- **RECORD EXTRACTS**
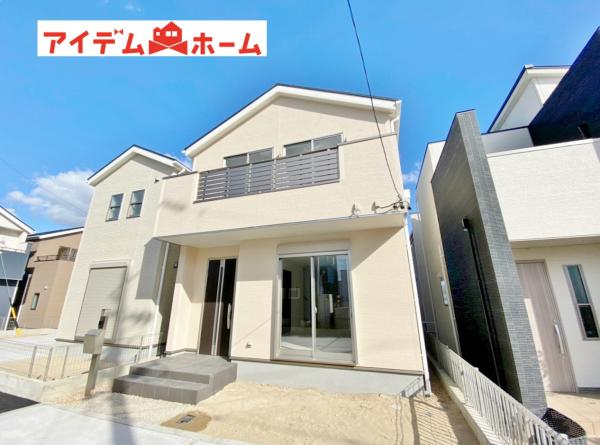 新築一戸建て 高浜市神明町4丁目2-20 名鉄三河線吉浜駅 3180万円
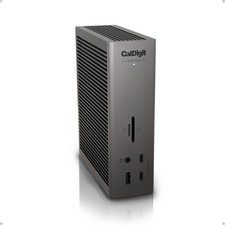CalDigit TS5 Plus - Thunderbolt 5 Dock - 20 Port,10GbE, 140W Dedicated Host C... picture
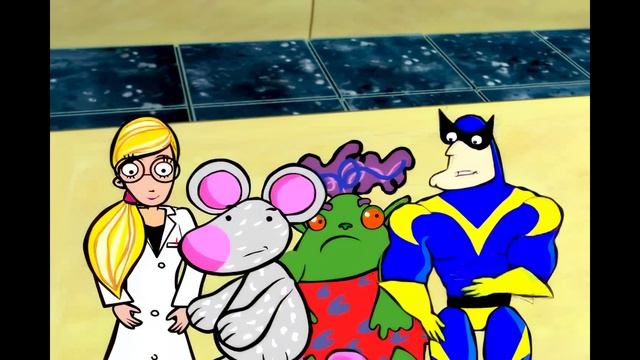 Kid's Box 1 - Unit 12 Story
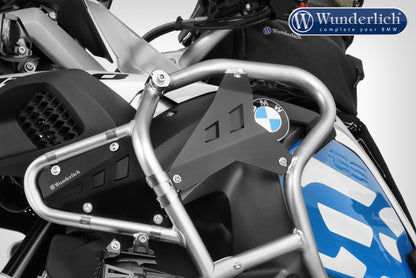 Wunderlich filler plate for reinforcement bar - Set - black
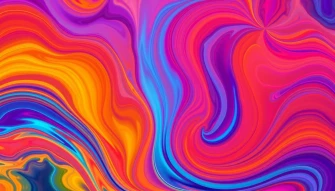 Colours 4k Wallpaper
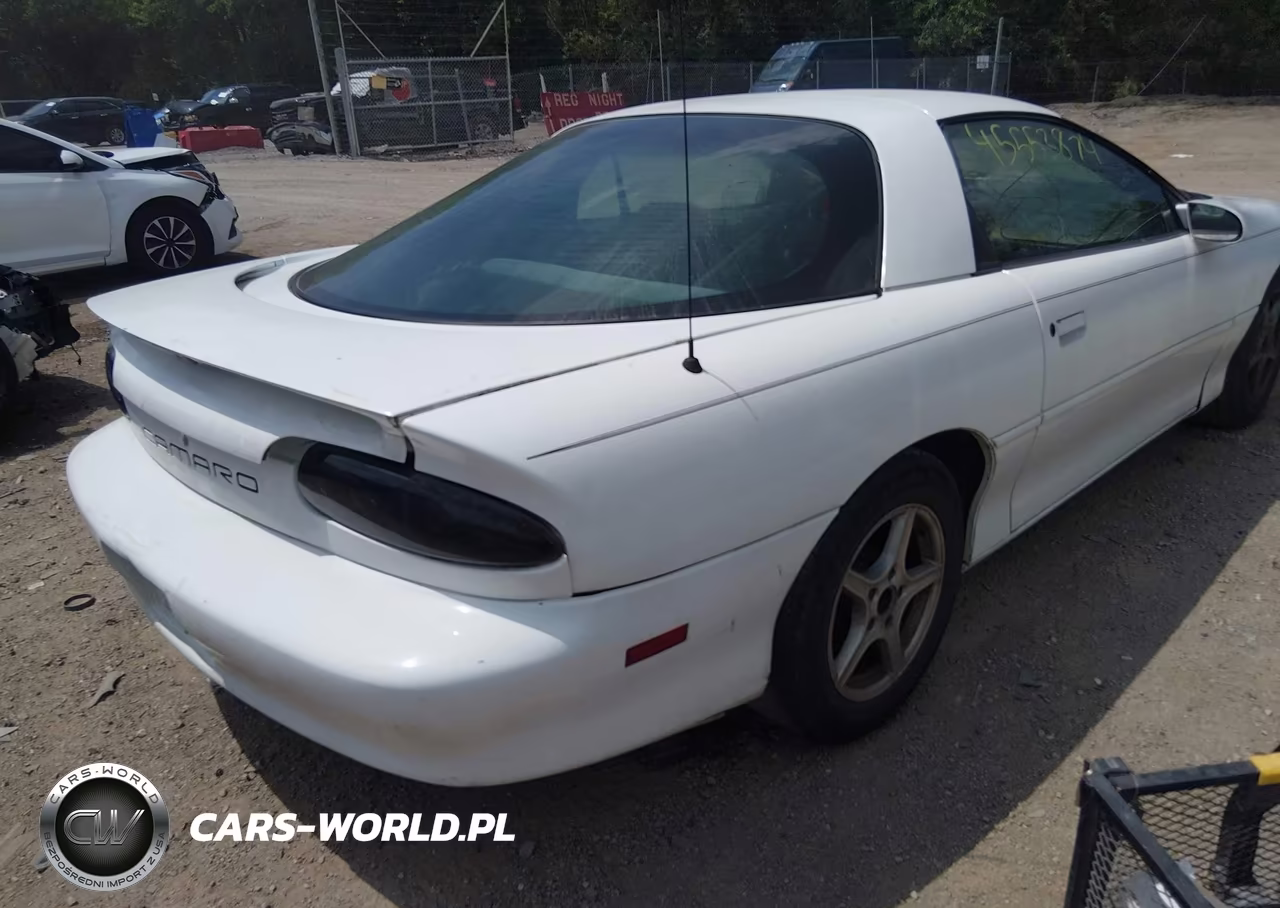 1998 Chevrolet Camaro VIN:2G1FP22K0W2132692 - 6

- **WHAT IS BEING ASKED**
Everything in the records above is to be copied exactly, except the pictures.

- **TASK OUTPUT**
 新築一戸建て 高浜市神明町4丁目2-20 名鉄三河線吉浜駅 3180万円
CalDigit TS5 Plus - Thunderbolt 5 Dock - 20 Port,10GbE, 140W Dedicated Host C... picture
 Kid's Box 1 - Unit 12 Story
 Wunderlich filler plate for reinforcement bar - Set - black
 Colours 4k Wallpaper
 1998 Chevrolet Camaro VIN:2G1FP22K0W2132692 - 6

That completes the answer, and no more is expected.